Today we celebrate the feast of the Holy Trinity. This is a mystery basic to our faith as Christians – this is the mystery that separates us from the great faiths of Judaism and Islam. They too believe in the one God, the Father of Abraham, Isaac and Jacob. But we believe that the “ God of Abraham, Isaac and Jacob loved the world, loved us, so much He sent His Son to the world in order that the world might be saved thru Christ’s passion, death and resurrection. We believe that the God of Abraham, Isaac and Jacob sent the Holy Spirit to us at Pentecost to complete the work of Christ on earth and bring us to the fullness of God’s love.

What this feast celebrates and teaches us is that the inner life of God is a life of relationships. The Father speaks the Word and the Holy Spirit binds Father and Son together in a relationship of creative love.

A mystery is not something of which we can know nothing; a mystery is something of which we cannot know everything. Even when we see God face to face and know God as God is, we will still be dealing with mystery. Our limited intelligence cannot comprehend the immensity of God.

There are times when we are a mystery to ourselves; why did I do that, why did I say that? Why do I feel this way? We can’t figure it out.

Our lives began out of the love relationship of our parents and you are in relationships with your children. Our present social distancing helps to appreciate how important our relationships mean to us. We miss being with one another. Fr. Brando and I miss you good people at our Sunday celebration of Mass.

The validity of our lives as Christians is determined by the quality of our relationships with the people who come into our lives. Matthew’s description of our final judgement is all about our relationships. ‘I was hungry and you fed me, thirsty and you gave me drink, naked and you clothed me, sick or in prison and you came to me.’ Christ is saying, you were there for me, now I am here for you.

This past week the most heard words in the world’s media are the plea of George Floyd, “I can’t breathe.” That plea might ask us to question, is there anyone with whom I am in a relationship who may be saying to me, I can’t breathe? I can’t breathe because you smother me, you control me, and you manipulate my life.

It’s an uncomfortable question, but it might be worth asking. Or do we encourage family and friends to breathe the fresh air of growth and becoming and affirmation?

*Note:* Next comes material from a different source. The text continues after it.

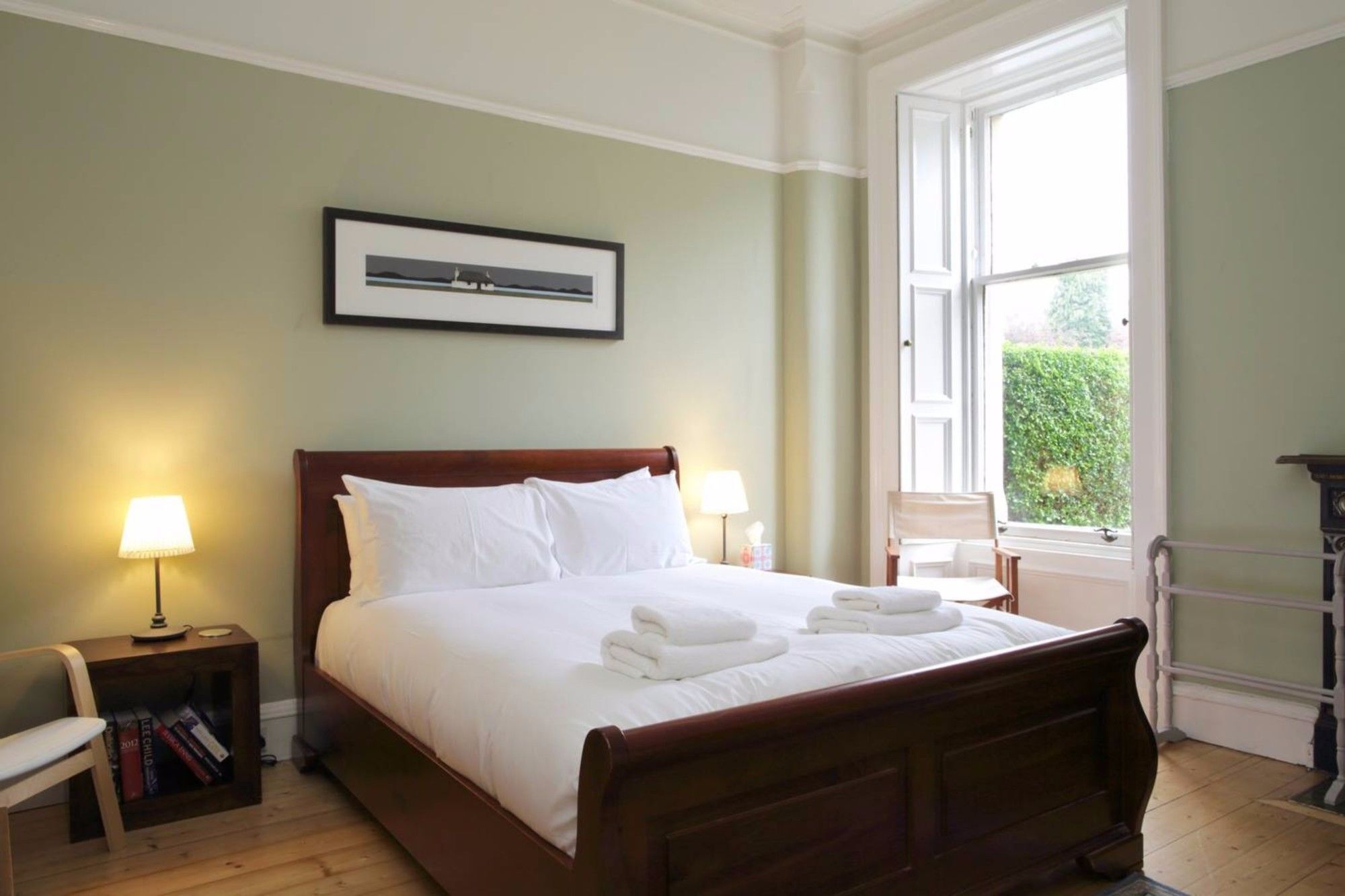 2 Bedroom Stockbridge Apartment *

The movie ‘As Good As It Gets’ tells of the stressful relationship between Jack Nicholson, a compulsive, self-centered author and Helen Hunt, a waitress, a single mother with a sick child. At one point she is so frustrated with his odd behaviour, she asks him why he wants to be her to be his friend. He answers, ‘because you make me want to be a better person.’ You make me want to be a better person.

In our relationship with Jesus he is constantly nudging us, challenging us to be a better person. Love one another as I have loved you. Accept one another as I have accepted you. Forgive one another as I have forgiven you.’Our relationships with family and friends are at its best when it is based on that desire; to make each other a better person.

As we continue to celebrate this feast of the Blessed Trinity, this feast of relationships we pray for the ability to always live in holy, life giving, life sustaining, life – healing relationships with all those who come into our lives.